Early deletion is possible for data that is not legally required. A privacy-minimize request is usually completed within 10 business days.

You may exercise privacy rights free of charge under KVKK, GDPR or the most protective applicable framework.

• Access: Receive a copy of the data held about you.
• Correction: Fix inaccurate contact, passport or booking details.
• Deletion: Remove data unless retention is legally required for booking or tax records.
• Restriction and objection: Pause or object to certain processing activities.
• Portability: EU/UK residents may request data in JSON or CSV format.
• Consent withdrawal: Withdraw previously given consent for future use.
• Complaints: You may contact KVKK or your local EU data authority.

Requests are handled within 1 month. Complex cases may be extended by up to 2 additional months with a written explanation.

If a personal-data breach creates risk for travelers, the incident is handled under KVKK and GDPR notification rules.

• Detection: Monitoring, access logs and staff reporting are used to identify suspicious activity.
• Containment: Affected systems are isolated and the breach route is blocked as quickly as possible.
• Assessment: Within about 24 hours, the affected data types and individuals are reviewed.
• Regulator notice: KVKK and, where relevant, EU authorities are notified within 72 hours after awareness if legally required.
• User notice: If risk is high, affected travelers are contacted directly with details and recommended steps.
• Remediation: Actions may include password resets, bank coordination or identity-monitoring support where appropriate.

Security measures include SSL, encrypted databases, role-based access, audits, no CVV or full card-number storage and separated production/development environments.

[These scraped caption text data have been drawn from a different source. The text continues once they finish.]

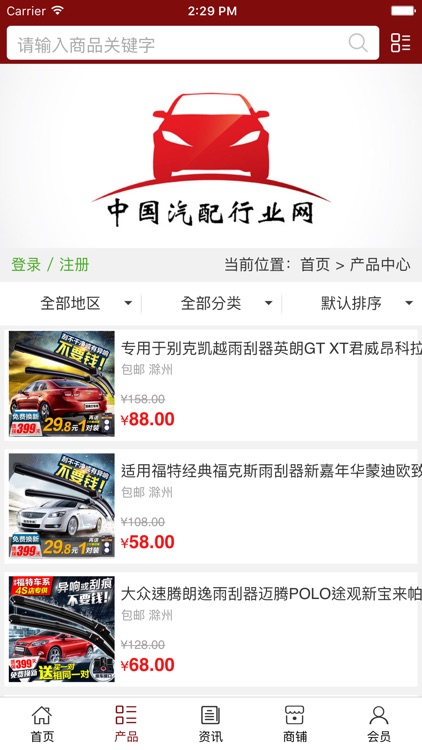 中国汽配行业网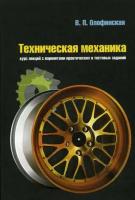 Олофинская В. П. Техническая механика: Курс лекций с вариантами практических и тестовых заданий. Учебное пособие. Гриф МО РФ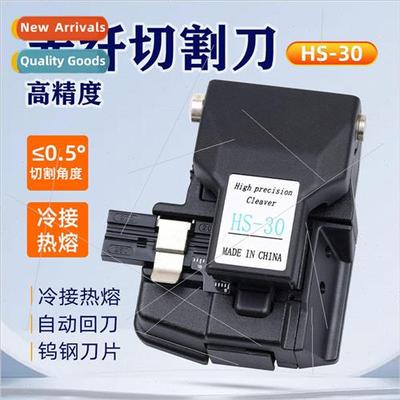 Fiber optic cutter knife HS-30 fiber optic cable cutter knif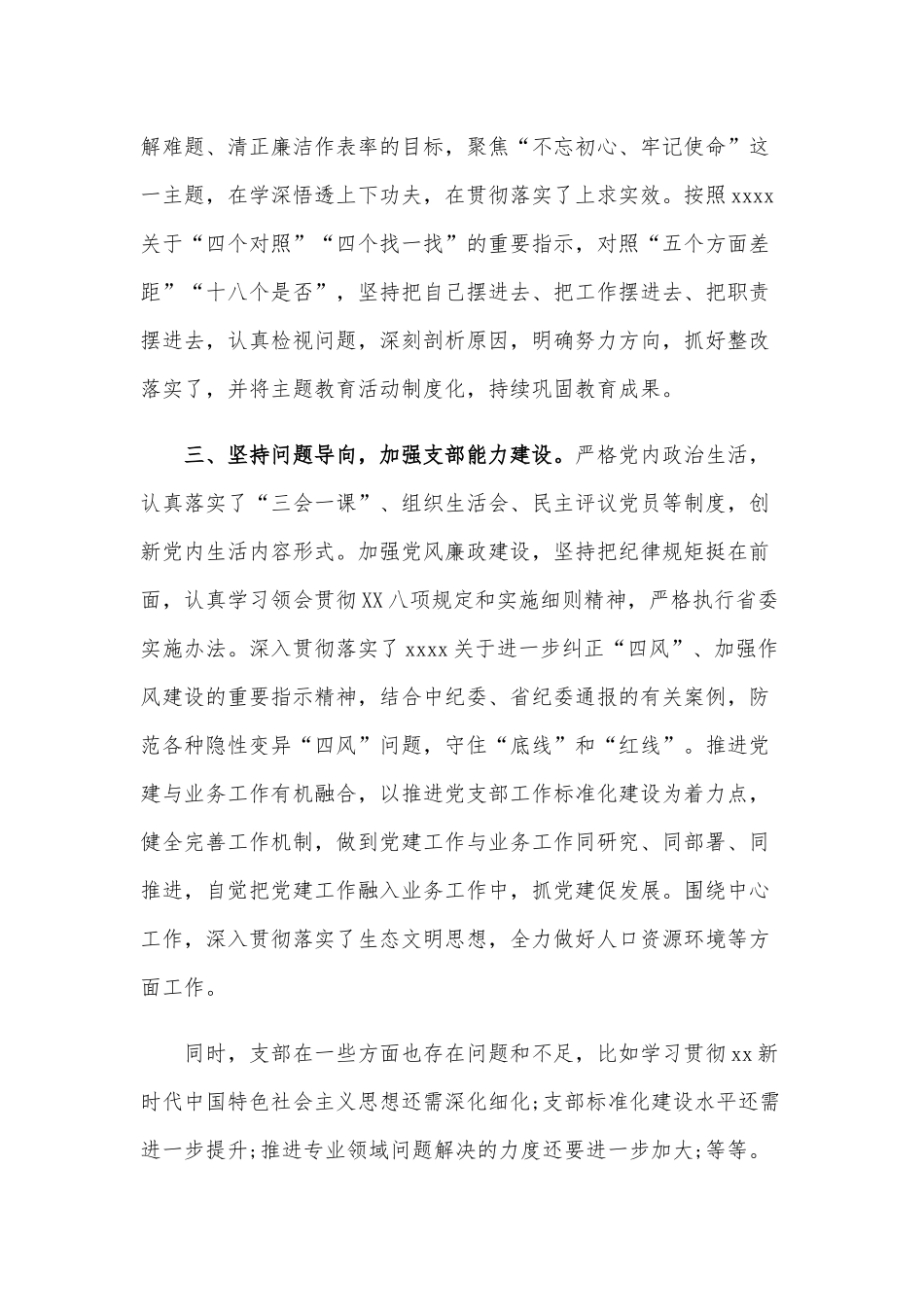2020年上半年思想政治工作总结范文稿.docx_第2页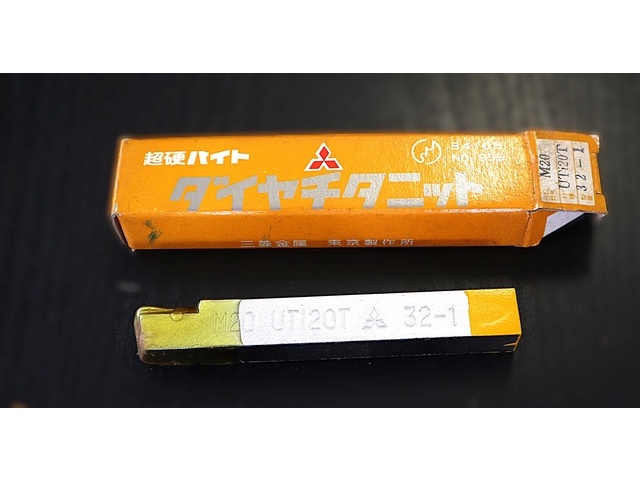 三菱マテリアル M20 UTi20T 32-1 未使用 バイト の画像 1枚目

Privacy requests can be sent through the contact form on https://cappadociahotairballoon.com/, by email at [email protected], or by WhatsApp at +90 505 932 7978, +90 533 554 8555, +90 536 709 5098 and +90 532 450 8227. Responses are provided in the traveler’s preferred language whenever possible.

• Email: Use [email protected] and include “Privacy request” in the subject.
• Phone / WhatsApp: Use the WhatsApp numbers +90 505 932 7978, +90 533 554 8555, +90 536 709 5098 and +90 532 450 8227 every day from 09:00 to 18:00 (Istanbul, GMT+3) for urgent privacy concerns.
• Postal address: Use Kocamustafapasa Mah., Kocamustafapasa Cad. No: 107, Fatih / Istanbul / TURKIYE.
• Privacy handling: Data-protection requests are handled by the responsible management and operations team.

Simple requests such as unsubscribe or typo correction are often handled within 24 hours. Access and deletion requests are normally processed within 10 business days, while complex multi-booking cases may take up to the legal 30-day maximum.